ConverSeg-Net: Conversational Segmentation

• The paper introduces ConverSeg-Net, a novel single-pass architecture that fuses strong class-agnostic segmentation priors with grounded language understanding to generate precise binary masks.
• It employs a frozen vision encoder alongside a Qwen-based language encoder with LoRA fine-tuning, effectively integrating visual and textual features via sparse and dense adapters.
• The design demonstrates robust performance on both literal and abstract segmentation tasks, with mixed training strategies and ablation studies highlighting the critical role of cross-modal fusion.

ConverSeg-Net is a single-pass, conversational image-to-mask architecture designed for Conversational Image Segmentation (CIS), a task that grounds abstract, intent-driven concepts expressed in natural language into spatially accurate binary masks. Developed in the context of the ConverSeg benchmark—which spans entities, spatial relations, affordances, functions, safety, and physical reasoning—ConverSeg-Net fuses strong, class-agnostic segmentation priors with grounded language understanding to directly address both concrete and high-level, functional queries (Sahoo et al., 13 Feb 2026).

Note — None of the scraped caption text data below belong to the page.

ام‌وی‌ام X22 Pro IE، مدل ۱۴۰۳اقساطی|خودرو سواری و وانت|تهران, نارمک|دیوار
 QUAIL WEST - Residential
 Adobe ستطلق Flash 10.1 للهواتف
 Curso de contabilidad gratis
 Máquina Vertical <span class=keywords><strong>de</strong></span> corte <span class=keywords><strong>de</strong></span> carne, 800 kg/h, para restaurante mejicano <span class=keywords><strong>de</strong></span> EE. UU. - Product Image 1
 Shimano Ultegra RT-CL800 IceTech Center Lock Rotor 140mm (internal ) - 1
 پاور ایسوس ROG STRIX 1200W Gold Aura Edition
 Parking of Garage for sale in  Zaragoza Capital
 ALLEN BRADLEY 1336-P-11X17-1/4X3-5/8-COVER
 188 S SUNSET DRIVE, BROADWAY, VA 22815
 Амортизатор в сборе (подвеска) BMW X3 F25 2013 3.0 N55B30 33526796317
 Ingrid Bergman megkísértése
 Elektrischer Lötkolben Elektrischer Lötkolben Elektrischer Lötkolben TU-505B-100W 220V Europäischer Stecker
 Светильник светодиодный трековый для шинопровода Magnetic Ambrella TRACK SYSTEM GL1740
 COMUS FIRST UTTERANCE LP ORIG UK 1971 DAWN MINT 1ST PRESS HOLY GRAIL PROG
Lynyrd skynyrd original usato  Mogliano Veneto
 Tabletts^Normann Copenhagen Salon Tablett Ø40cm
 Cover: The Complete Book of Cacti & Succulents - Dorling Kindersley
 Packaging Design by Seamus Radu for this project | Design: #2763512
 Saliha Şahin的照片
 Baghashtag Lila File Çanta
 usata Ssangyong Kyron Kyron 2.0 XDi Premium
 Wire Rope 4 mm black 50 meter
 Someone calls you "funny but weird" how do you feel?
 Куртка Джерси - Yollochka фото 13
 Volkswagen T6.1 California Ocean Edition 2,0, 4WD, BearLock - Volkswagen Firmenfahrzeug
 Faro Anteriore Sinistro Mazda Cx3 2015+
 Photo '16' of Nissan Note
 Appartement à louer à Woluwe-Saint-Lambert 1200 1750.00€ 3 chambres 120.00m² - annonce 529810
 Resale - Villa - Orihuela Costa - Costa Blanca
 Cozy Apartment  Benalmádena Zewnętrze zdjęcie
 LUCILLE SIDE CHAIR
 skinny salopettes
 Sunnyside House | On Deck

1. Architectural Overview and Motivation

ConverSeg-Net operates on two principal inputs: an RGB image $I$ (typically resized such that its long side is 1,024 pixels) and a natural-language prompt $p$ (e.g., "surfaces suitable for hot cookware"). Its output is a binary mask $M^* \in [0,1]^{H \times W}$ highlighting those pixels in $I$ that satisfy the prompt. The architecture is designed to ground both explicit referring expressions and abstract, intent-driven queries by leveraging segmentation priors and vision-language integration in a single forward pass. This approach distinguishes itself from prior work, which primarily focuses on categorical and spatial queries while omitting higher-level reasoning about function and safety.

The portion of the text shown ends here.